Vare would join him soon. He should wait. After a moment he dug in his pocket for a ring of keys. He never liked sharing this moment. Sodur never liked exposing Geran. Especially to Vare.
He began at the bottom, removing each lock and bar in turn, his ears straining for noise on the other side of the door. There was only silence. He grasped the iron handle with his left hand, his right hand falling on the hilt of his sword. The well-oiled hinges made no sound. Sodur swallowed, hesitating before borrowing Lume’s sight in an effort to pierce the gloom within. Their connection wrenched Sodur out of himself. He felt the cold floor gritty beneath his paws and flexed his claws uneasily. His skin prickled with a sense of wrongness, of danger, and the hackles on his back and neck pricked up in stiff points. He growled low in his throat, nostrils flaring at the smell within, like lightning after a strike. He crouched nearer to his ahalad-kaaslane ’s tall legs, glad of the bars that separated them from what lay within. His stumpy tail twitched back and forth, and he growled.

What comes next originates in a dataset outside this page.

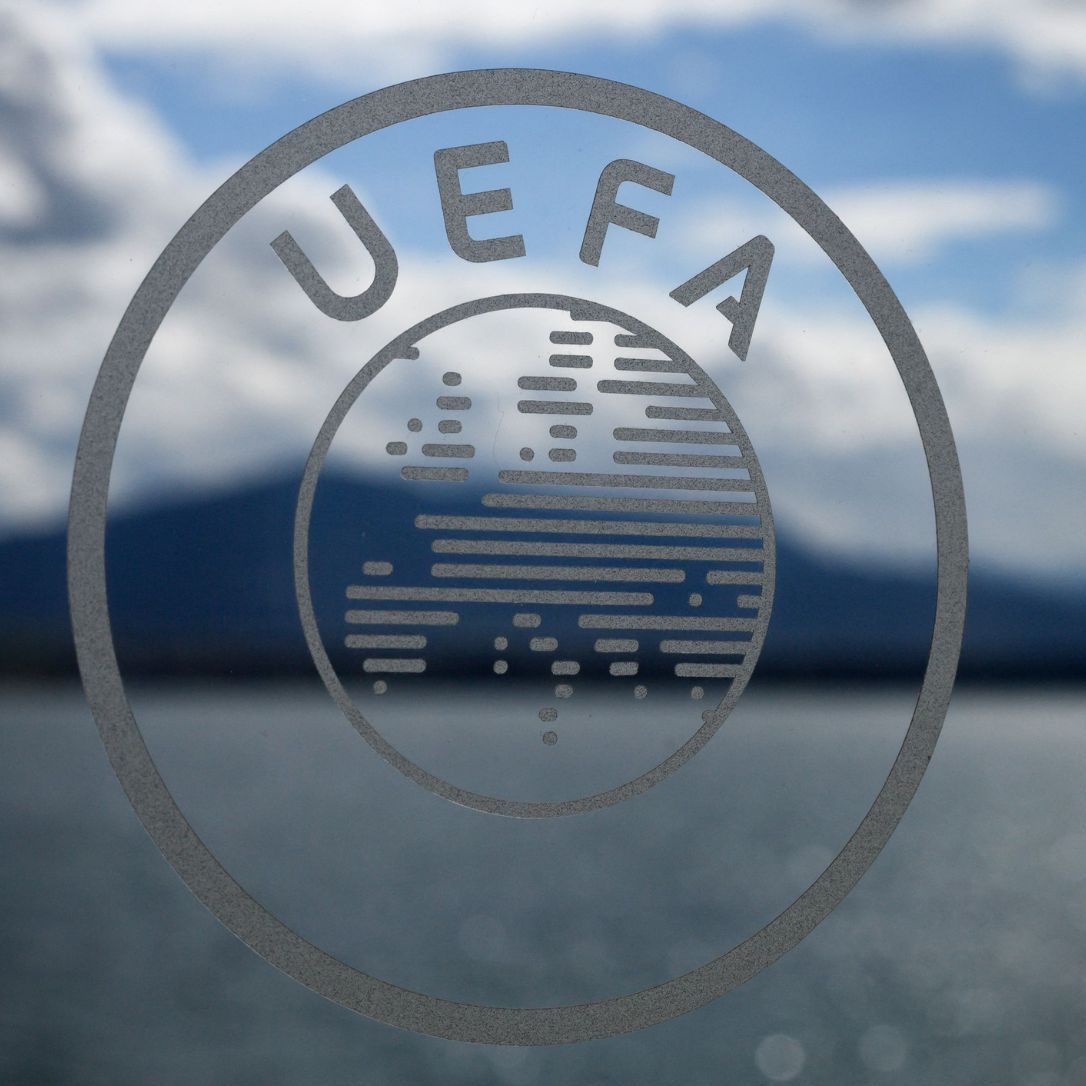 Die Europäische Fußball-Union UEFA vergibt die Europameisterschaften 2028 und 2032.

Sodur fought against the sensations, struggling to separate himself from Lume, to share the lynx’s mind without losing himself. At last he found a precarious balance. But it was like standing hip-deep in a rushing river. If he shifted wrong, if his foot slipped, he would be pulled under by the current, to be lost in its powerful embrace.
The interior of the cell appeared empty but for the bed, the mattress long since shredded to bits, the heavy pedestal scarred and gnawed. On the floor were scattered bits of the splintered washstand, shards from the basin and pitcher, and the dented, overturned chamber pot. There was nothing else to be seen.
Sodur pulled himself from Lume’s mind, feeling an odd prickling behind his eyes as he did so.
“Geran?” he called, his voice gentle and cajoling. “Come now, it’s only me. I’ve brought some food. Aren’t you hungry? Don’t you remember Lemmuel’s seedcakes? They are still warm from the oven.”
There was movement within, a tapping and a scraping in staccato succession.
Sodur squinted and inched closer.
Light flickered and gleamed in the cell, running like molten silver to outline a shape—too close. Sodur gasped and stiffened.
Geran, what had once been Geran, rippled into sight, one moment invisible, the next a shape made of moonlight and water. Nokula.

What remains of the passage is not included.